─── SUPPLIED DATA

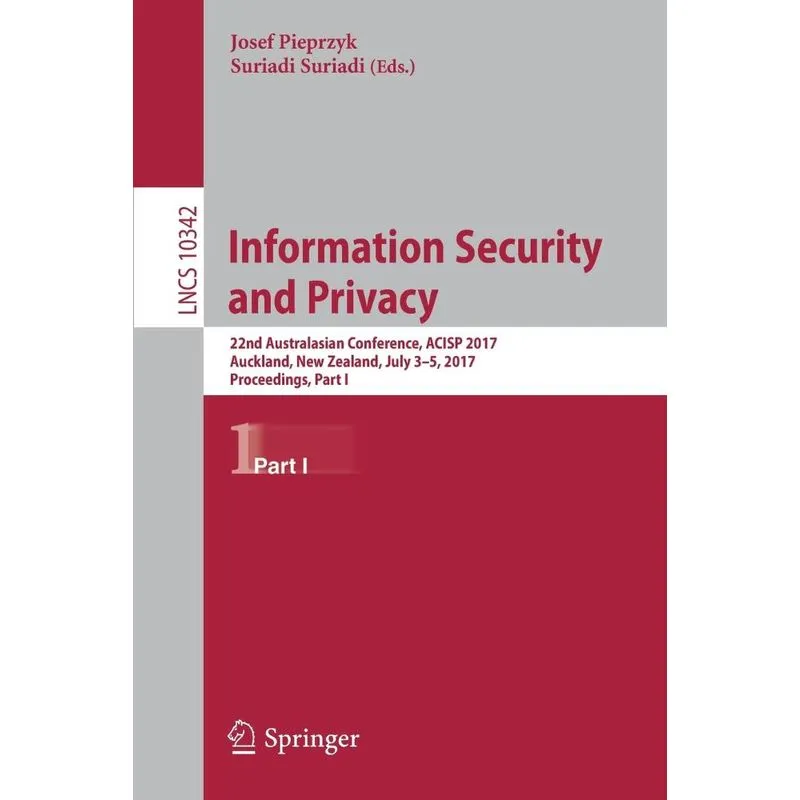 Information Security and Privacy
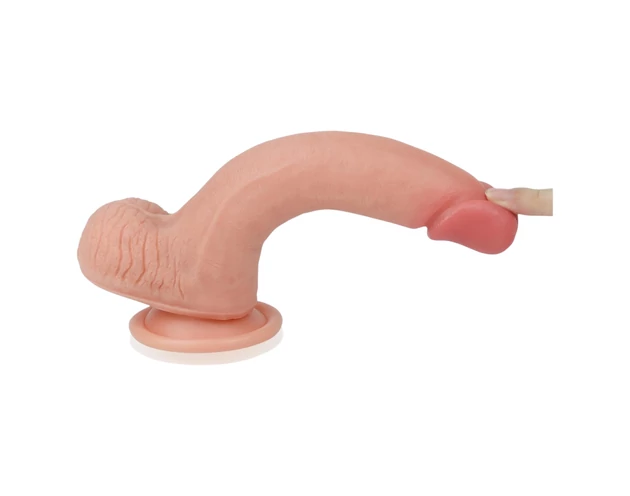 Lovetoy Nature Cock - kétrétegű élethű dildó - 20cm (natúr)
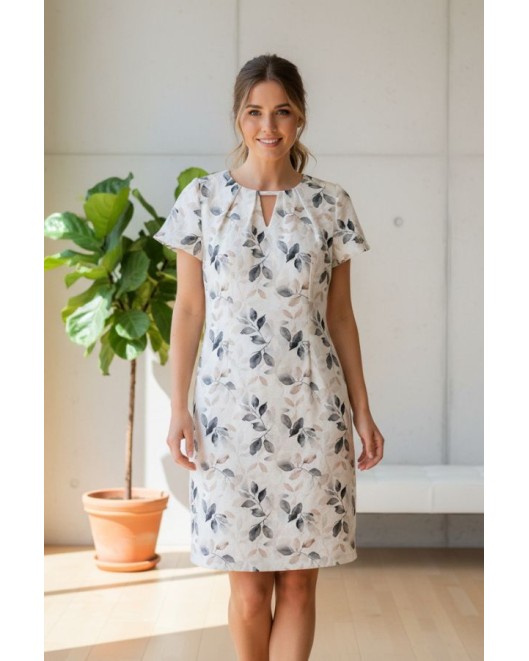 Φόρεμα εμπριμέ Λινάρι Kate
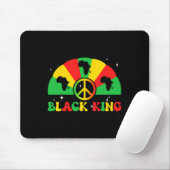 King African American Juneteenth 1865 Black Histor Mousepad (Mit Mouse)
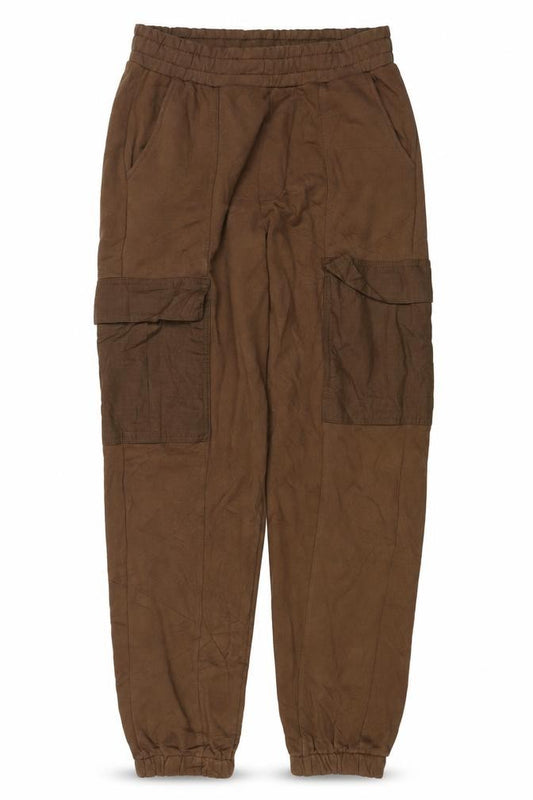 Zara Men Brown S Cargo Jogger Sweatpants Elastic Waist Pockets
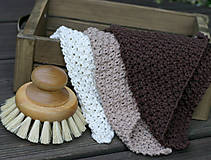 Úžitkový textil - uteráčik / utierka (Béžová) - 9906608_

──────

- [ABOUT THIS EXERCISE]:
Extract, word for word, every line from the one containing "Zara Men Brown" to the end of the data above, both ends included, and leave out the pictures.

- [WORKED SOLUTION]:
 Zara Men Brown S Cargo Jogger Sweatpants Elastic Waist Pockets
 Úžitkový textil - uteráčik / utierka (Béžová) - 9906608_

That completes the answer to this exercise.